Miguel Diaz, director of the South America Project at the Center for Strategic and International Studies in Washington, said of Mr. da Silva, "He wants the U.S. to be a part of the solution, and doesn't see the U.S. as part of the problem."
That is not to say that Mr. da Silva plans to abandon his campaign against poverty and hunger. His Workers Party, an amalgam of divergent leftist movements, expects Mr. da Silva to address seriously Brazil's grinding inequality. Mr. da Silva has promised to improve the lives of his countrymen, pledging that all Brazilians would receive three meals a day.
But the pursuit of his social agenda will be difficult in a country saddled with a huge foreign debt and international commitments to foreign lenders. It is a challenge both he and Mr. Gutierrez face: carrying out the far-reaching social programs they promised on the campaign trail last year while dealing with serious financial constraints in difficult economic times.
Mr. da Silva appears acutely aware of how important it is for him to provide successful guidance for Brazil, a country of 175 million that has one of the world's largest economies and is a budding power broker.
Mr. Gutierrez, 45, a former colonel and son of a riverboat captain, shares many of Mr. da Silva's qualities, according to international analysts who have met the new Ecuadorian leader.
Though his background is dissimilar — he helped lead a coup that toppled President Jamil Mahuad three years ago — he is seen as a pragmatist who has already sharply shifted on earlier positions like scrapping the country's dollar currency and not paying the foreign debt.
Mr. Chávez and Mr. Castro, leader of the hemisphere's only Communist country, have taken more defiant stances.
Mr. Chávez, 48, a former coup plotter, was elected to office in 1998 after promising to upend the old social order and to improve the lives of the poor. But his incendiary speeches have divided the country and alienated business leaders, labor groups and others who now seek to force him from office.
The Venezuelan leader has harshly criticized Washington's policy in the Americas, built a strong friendship with Mr. Castro and has promised a peaceful revolution to remake his country. While analysts do not view his policies as particularly radical, his government is seen as inept, with the country's economy suffering the consequences and slowly disintegrating over the last two years.
Mr. Castro, 76 and the leader of Cuba for 44 years, is clearly delighted about Latin America's shift to the left, though he is now more a symbol than a protagonist with influence.
Mr. Chávez may believe he has new close friends to help extricate him from the turmoil roiling his country. But Mr. da Silva and Mr. Gutierrez are expected to steer clear of forming strong alliances with the Cuban and Venezuelan leaders, though Mr. da Silva is strongly committed to finding a negotiated resolution to Venezuela's problems.
The Bush administration has, at least publicly, offered support for the new leaders, with the American ambassador in Brazil praising Mr. da Silva and the State Department wholeheartedly supporting the group of friends of Venezuela despite initial misgivings.

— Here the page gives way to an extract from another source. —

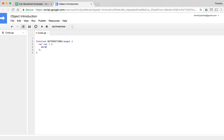Let's create a new property called direction and set it to 'up' by default. So now we have an object defined in our function with a property called direction, currently pointing up. We also want an x property set to zero, and a y property set to zero. If you think about a coordinate plane with X moving from left to right and Y moving from bottom to top, we can think about how this car is going to move around. We'll want some methods to move it around as well.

Michael Shifter, who has closely followed the political changes for the Inter-American Dialogue, a Washington policy group, said the United States must now show flexibility to give the leaders "more room to maneuver and undertake new social and economic policies."
"The worst scenario would be if the United States begins to lump all of these leaders together, in other words sees Lula and Gutierrez the same way they see Chávez, and talks of an axis of evil," Mr. Shifter said. "Then the risk is it becomes a self-fulfilling prophecy."